__Activity__
Line for line, return the data exactly, omitting all pictures.

__Data provided__
+---+

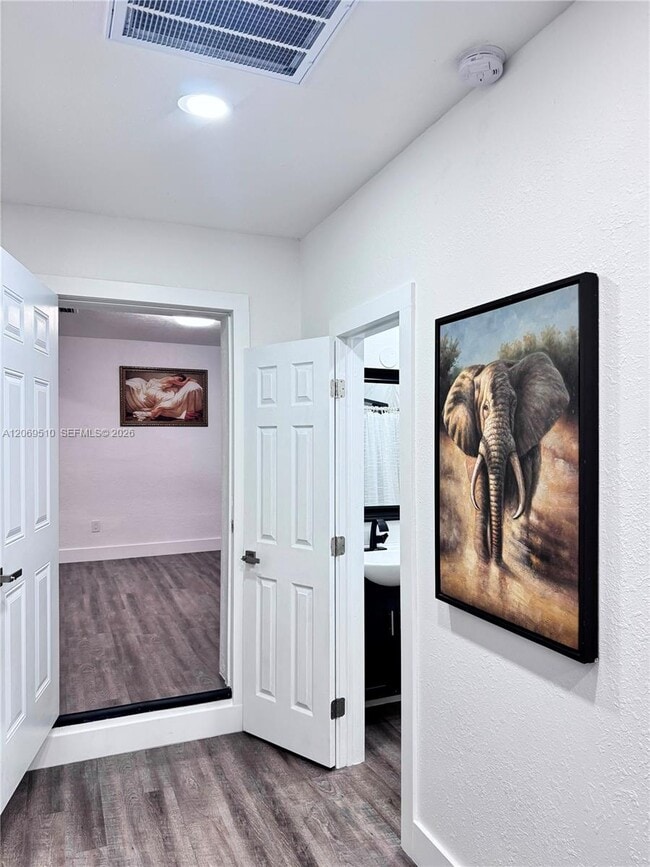Building Photo - 27450 SW 168th Ave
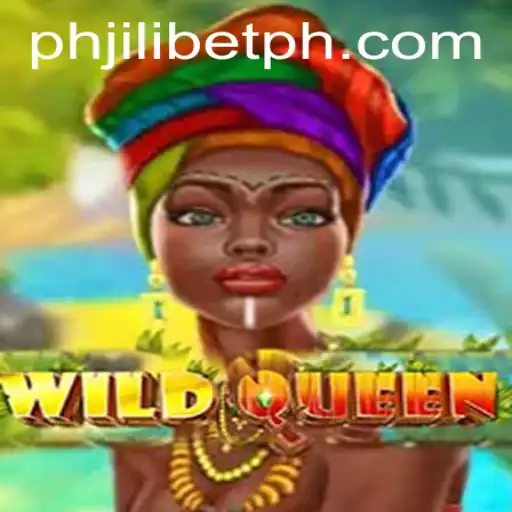 Discover WildQueen: An Exciting Adventure with Jilibet PH
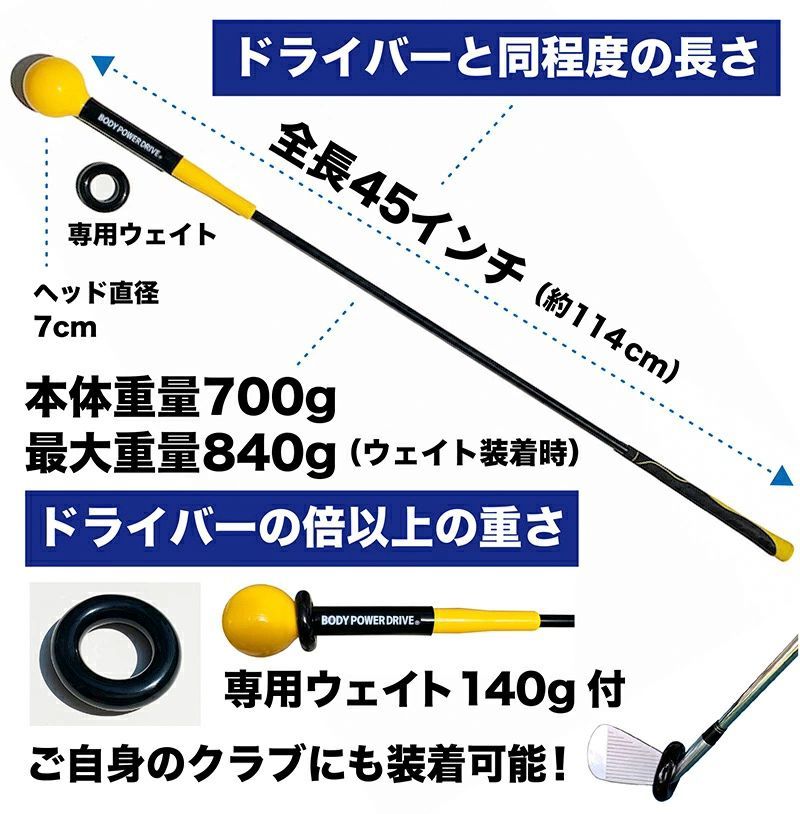 POWER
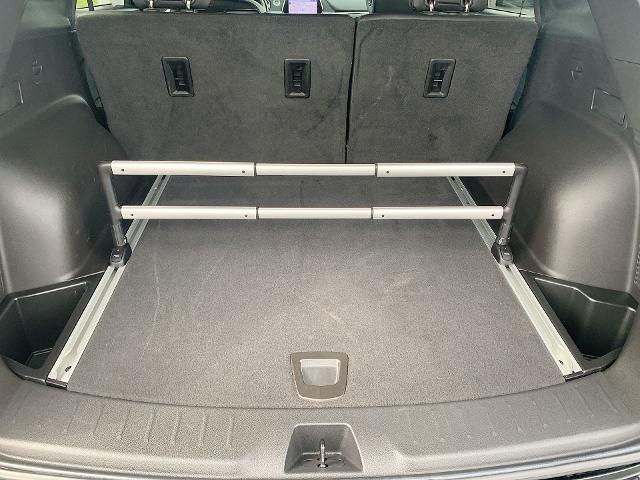 2020 Chevrolet Blazer Vehicle Photo in MOON TOWNSHIP, PA 15108-2571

+---+

__Exercise output__
Building Photo - 27450 SW 168th Ave
 Discover WildQueen: An Exciting Adventure with Jilibet PH
 POWER
 2020 Chevrolet Blazer Vehicle Photo in MOON TOWNSHIP, PA 15108-2571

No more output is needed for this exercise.